Warranties are statements of fact or representations made by the seller about the company’s business, financial condition, and legal compliance. They are intended to provide the buyer with comfort that the information provided in the SPA is accurate and complete.

Indemnities are contractual obligations of the seller to compensate the buyer for any losses or damages suffered as a result of a breach of warranty or other contractual obligation.

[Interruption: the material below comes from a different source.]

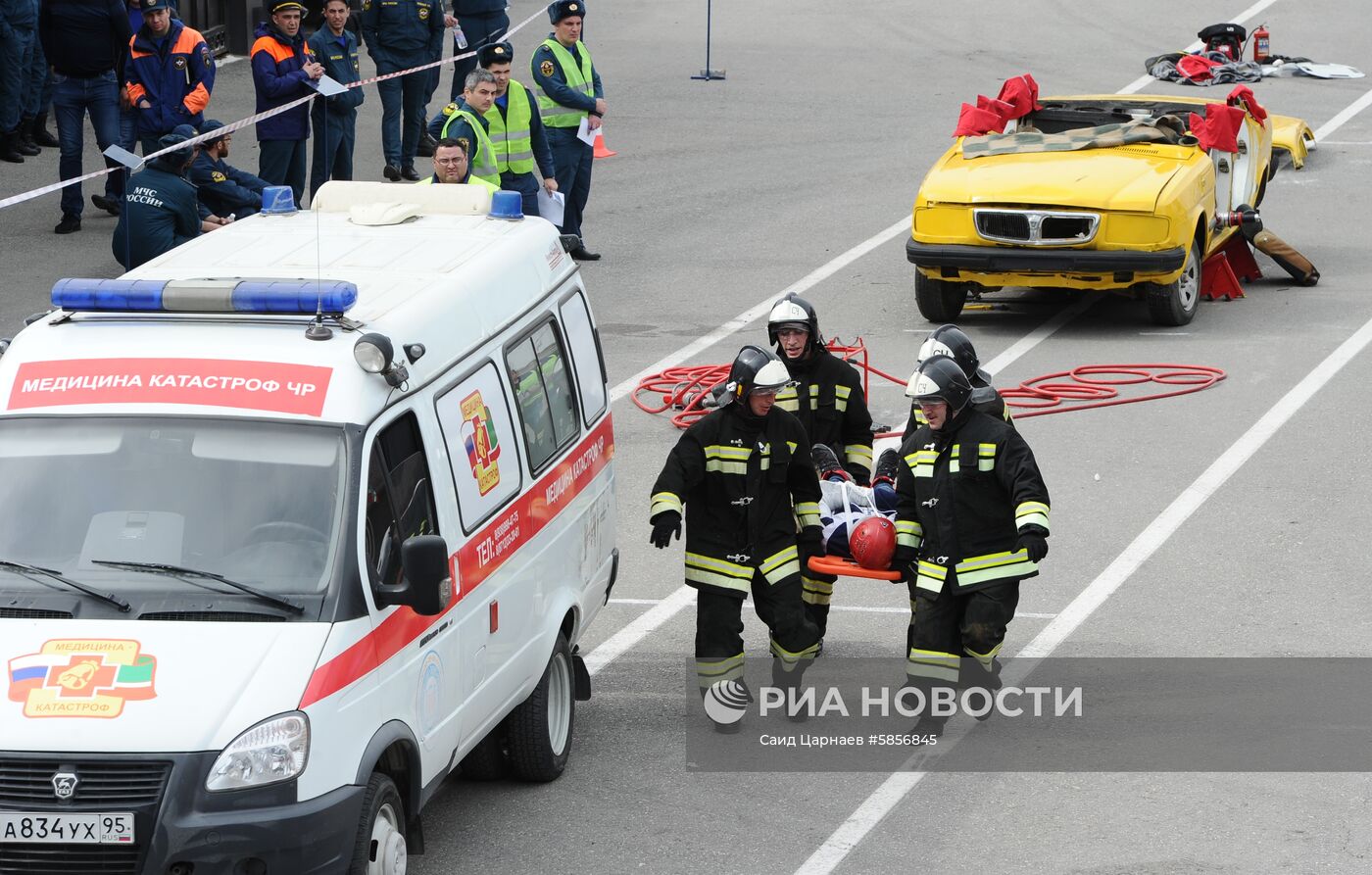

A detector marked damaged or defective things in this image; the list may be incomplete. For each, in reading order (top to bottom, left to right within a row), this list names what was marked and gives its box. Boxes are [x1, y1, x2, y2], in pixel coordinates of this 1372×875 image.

yellow crashed car [906, 93, 1309, 325]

They are designed to protect the buyer from any financial or legal liability arising from the purchase of the company.

Warranties in a SPA typically cover a wide range of matters, including:

  • The accuracy and completeness of the financial statements.
  • The absence of any material undisclosed liabilities.
  • Compliance with all applicable laws and regulations.
  • The absence of any material adverse change in the company’s business since the date of the SPA.

Indemnities in a SPA typically cover a wide range of matters, including:

  • Any breach of warranty.
  • Any liabilities or claims arising from the company’s business.
  • Any costs or expenses incurred by the buyer in defending against any claims or litigation.
  • Any losses or damages suffered by the buyer as a result of the purchase of the company.

The scope and extent of warranties and indemnities in a SPA can vary depending on the specific circumstances of the transaction. It is important for both buyers and sellers to carefully negotiate these provisions to ensure that their interests are adequately protected.

Here are some key considerations for negotiating warranties and indemnities in a SPA:

  • The scope and coverage of the warranties and indemnities.
  • The duration of the warranties and indemnities.
  • The limitations and exclusions on warranties and indemnities.
  • The remedies available for breach of warranty or indemnity.
  • The allocation of costs and expenses associated with warranties and indemnities.

Conclusion

A share purchase agreement is not only a legally binding document; it is a great combination of trust, respect, quality, mutual understanding, legal protection, and fairness between the parties to the agreement. These are all important ingredients in making a long-lasting business partnership.

long-lasting. A firm share purchase agreement may be achieved by carefully reviewing and negotiating the terms of the agreement.

It is highly recommended, not only for share purchase agreements but for all kinds of agreements that each party to the agreement must carefully look up to the whole agreement before signing the documents. Making changes to the agreement after signing the agreement is a lengthy process that may require us to follow the whole process again, and also the mutual consent of the parties involved.

Keep in mind that a solid SPA is not just a legal paper, it creates a bridge to a successful and long-term business partnership for the future that results in mutual growth of the parties.